4.6. Het beroep tegen bestreden besluit 2 dient ongegrond te worden verklaard.
5. Met het voorgaande is gegeven dat appellante als gevolg van het onrechtmatig gebleken bestreden besluit 1 schade heeft geleden, verband houdende met vertraagde uitbetaling van de uitkering. Er is aanleiding het Uwv te veroordelen tot vergoeding van de wettelijke rente over de na te betalen uitkering. Wat betreft de wijze waarop het Uwv de aan appellante toekomende vergoeding, bestaande uit de wettelijke rente over de na te betalen uitkering dient te berekenen, verwijst de Raad naar zijn uitspraak van 1 november 1995, LJN ZB1495 (gepubliceerd in JB 1995/314).
6. De Raad acht termen aanwezig om op grond van artikel 8:75 van de Awb het Uwv te veroordelen in de proceskosten van appellante in beroep en in hoger beroep. Deze kosten worden begroot op € 644,- voor verleende rechtsbijstand in beroep en op € 483,- voor verleende rechtsbijstand in hoger beroep (1 punt voor het hoger beroepschrift en 0,5 punt voor de – op verzoek van de Raad uitgebrachte – schriftelijke reactie van appellante van 18 juni 2009). Aangezien (alleen) in hoger beroep een bewijs is overgelegd van een krachtens de Wet op de rechtsbijstand verleende toevoeging, dient het laatst vermelde bedrag te worden betaald aan de griffier van de Raad.
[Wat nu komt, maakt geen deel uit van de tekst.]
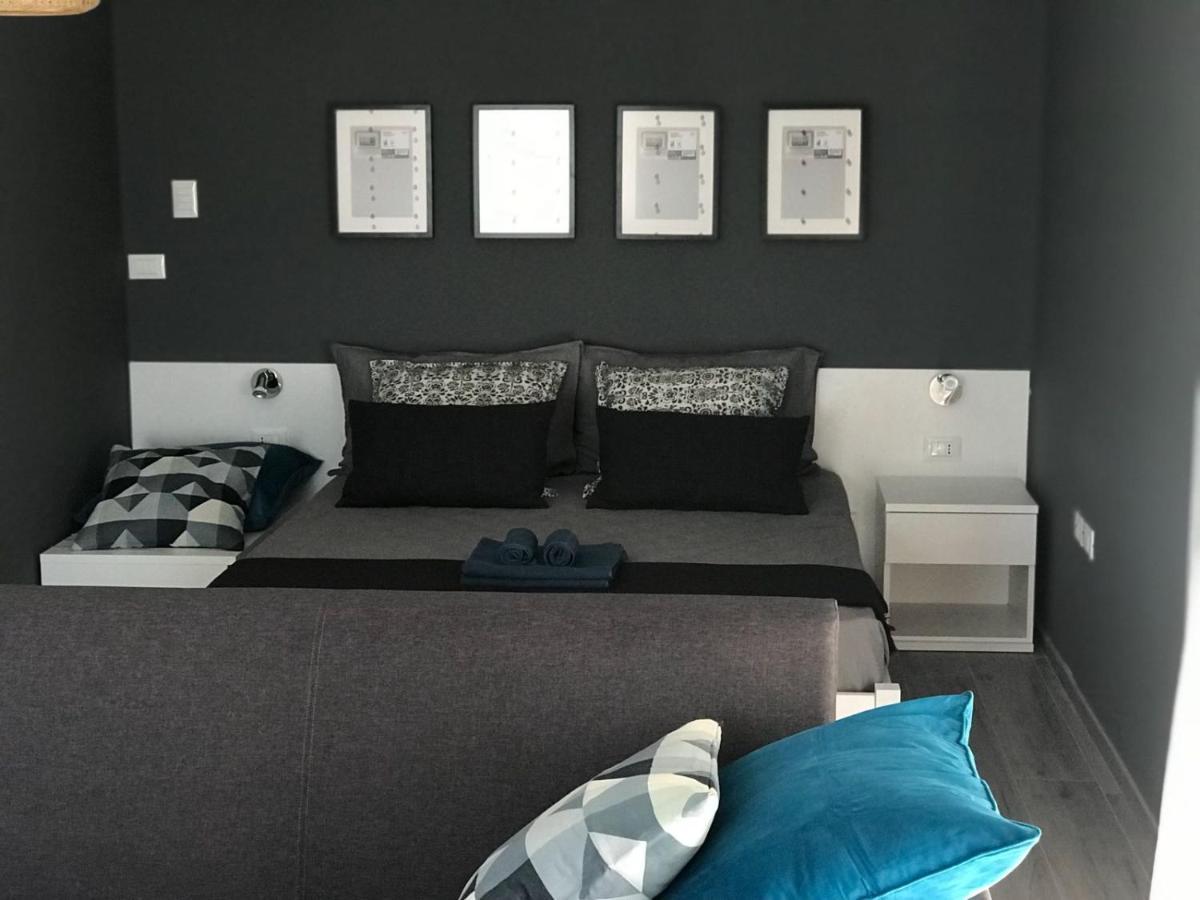 B&B Luxury Apartments Пульсано Экстерьер фото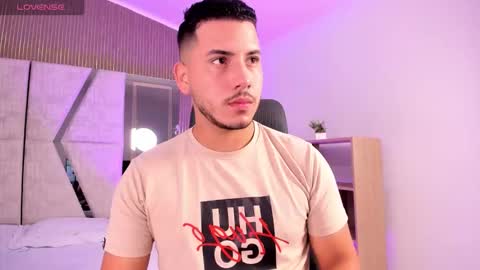 axel_grey_ online show from 01/12/26, 12:21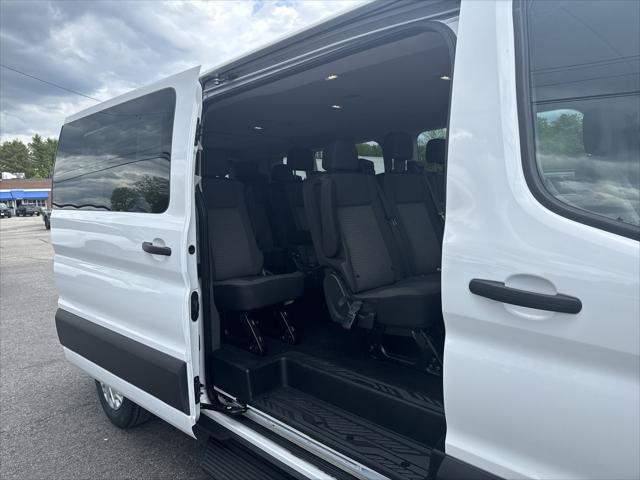 Photo of 2022 OXFORD WHITE Ford Transit-350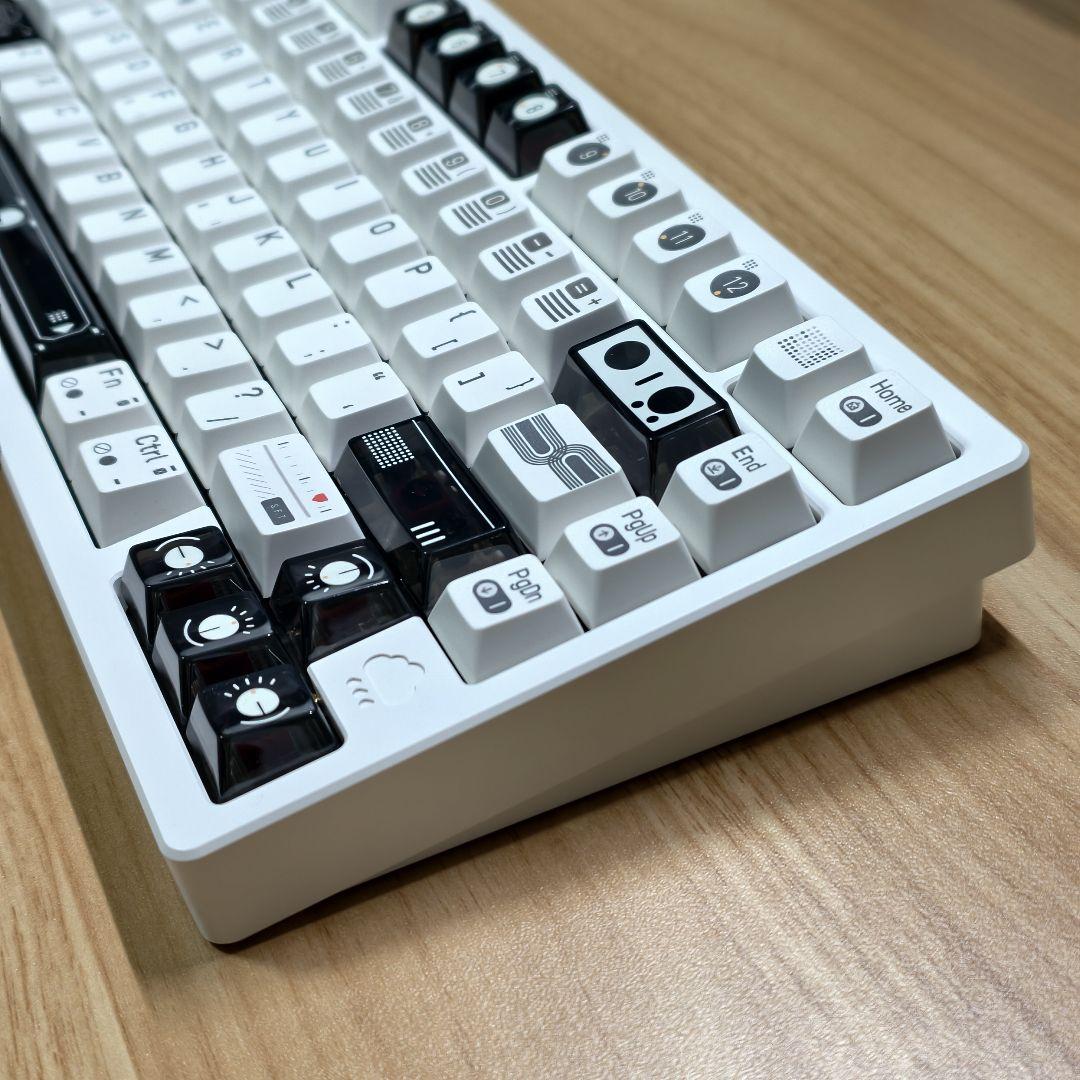 【新品同様】Rainy75 RT Pro ミルクホワイト 12時間内発送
De Centrale Raad van Beroep,
Vernietigt de aangevallen uitspraak;
Verklaart het beroep tegen het bestreden besluit 1 gegrond en vernietigt dat besluit;
Verklaart het beroep tegen het bestreden besluit 2 ongegrond;
Veroordeelt het Uwv tot vergoeding van schade als hiervoor is aangegeven;
Veroordeelt het Uwv in de proceskosten van appellante in beroep en hoger beroep tot een bedrag van in totaal € 1.127,-, waarvan € 483,- te betalen aan de griffier van de Raad.
Deze uitspraak is gedaan door H. Bolt als voorzitter en J. Brand en H. Bedee als leden, in tegenwoordigheid van I.R.A. van Raaij als griffier. De beslissing is uitgesproken in het openbaar op 23 september 2009.